Weekly News Roundup: December 20, 2024
By The Editors
Whanki Museum Reopens After Major Refurbishment
Following a ten-month-long renovation, the private Whanki Museum in Seoul’s Buam-dong hillside neighborhood has reopened its doors to the public. The institution, which is dedicated to the late Korean abstract artist Kim Whanki (1913–1974), had closed in February to revamp its 33-year-old building and gallery spaces. Speaking with The Korea Herald, museum director Park Mee-jung explained that aside from switching to LED lights in the galleries, the building’s granite exterior had to be reconditioned “before it got too old.” The refurbished Whanki Museum welcomed visitors with two new exhibitions, “Kim Whanki_The Immortal Nature” and “Kim Whanki_The Duet,” which spotlight more than 100 drawings, oil paintings, and archival materials by the eponymous artist and will run through early March 2025.

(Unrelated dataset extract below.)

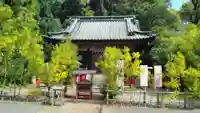 少彦名神社(静岡県)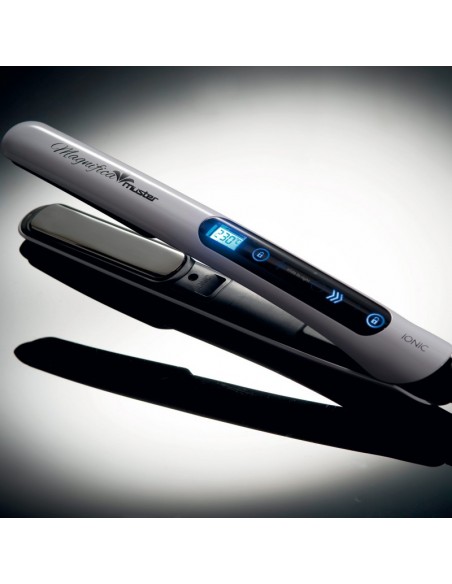 Hair straightener MAGNIFICA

Arijit Bhattacharyya Wins Ruckhaberle Award 2024
The Künstlerhof Frohnau (KHF) and the Department of Art and History Reinickendorf in Berlin have announced Indian-born, Weimar-based interdisciplinary artist Arijit Bhattacharyya as the winner of their sixth annual Ruckhaberle Award, which honors visual artists living in Germany whose work illuminates underrepresented social and political narratives. Bhattacharyya was selected for his ongoing research project, The Night of Long Silence (2024– ), a series of small-format drawings depicting vivid landscapes of violence by right-wing extremists, shown alongside museal objects and an evocative audio commentary. Along with a EUR 2,000 (USD 2,073) stipend, Bhattacharyya will participate in an artist residency at Künstler Frohnau and develop a solo exhibition and publication of his work. Works by all seven finalists are currently on view in a group exhibition at the GalerieETAGE in Berlin’s Museum Reinickendorf, which will run through March 2, 2025.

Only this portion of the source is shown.